INSERT INTO some_table FROM INFILE 'custom.csv' FORMAT CustomSeparated

Another popular text data format is Tab Separated Values (TSV), which ClickHouse also supports with the TabSeparated format:

clickhouse-client -q "INSERT INTO some_table FORMAT TabSeparated" < 
data.tsv

Explore more of ClickHouse's capabilities for working with the family of CSV formats in our docs, including rows skipping, controlling Null values, automatic decompression, and more.

JSON data

ClickHouse can work with almost any JSON data, be that an array of values, an object of objects, or separate JSON objects.

For example, a logging app can write logs as a JSON object per line (known as NDJson). This case can be addressed using the JSONEachRow format in ClickHouse:

clickhouse-client - q "INSERT INTO sometable FORMAT JSONEachRow" < 
access.log

Explore how JSON data of different forms can be loaded to ClickHouse as well as exported. It is worth mentioning that ClickHouse also supports the BSON format used by MongoDB.

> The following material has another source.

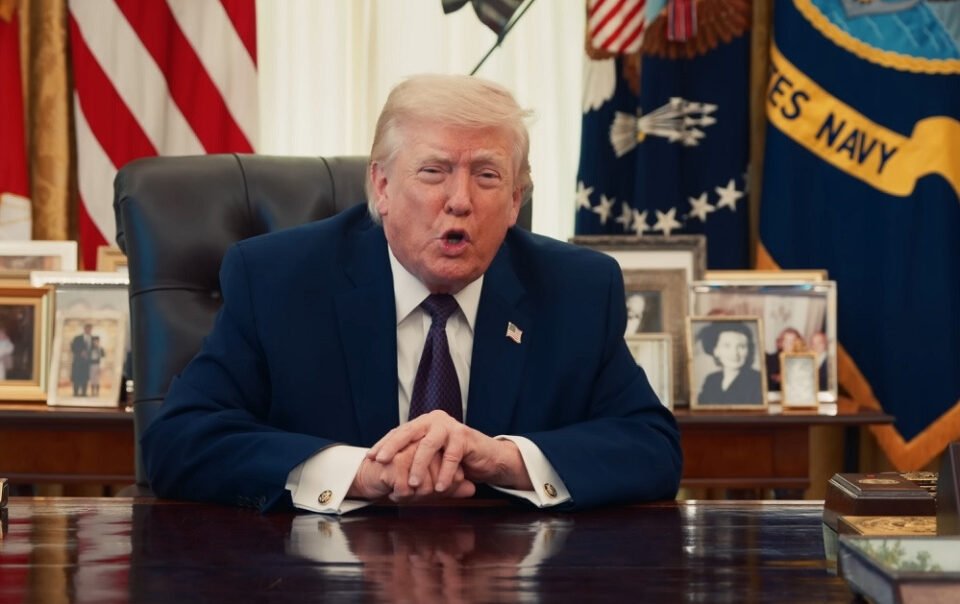 ong-trump-doa-‘thoi-bay-ca-nen-van-minh-cua-iran’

Regular expressions for custom text formats

Besides standard formats like CSV or JSON, ClickHouse also supports data import based on regular expressions. In this case, the Regexp format should be used together with the format_regexp option containing regular expression with capture groups (treated as table columns):

INSERT INTO some_log FROM INFILE 'custom.txt'
SETTINGS
  format_regexp = '([0-9]+?) \[(.+?)\] \- "(.+)"'
FORMAT Regexp

This query can be used to load the following example file:

121201 [notice] - "Started service"
121202 [error] - "Configuration file not found"
122203 [warning] - "Creating default configuration file"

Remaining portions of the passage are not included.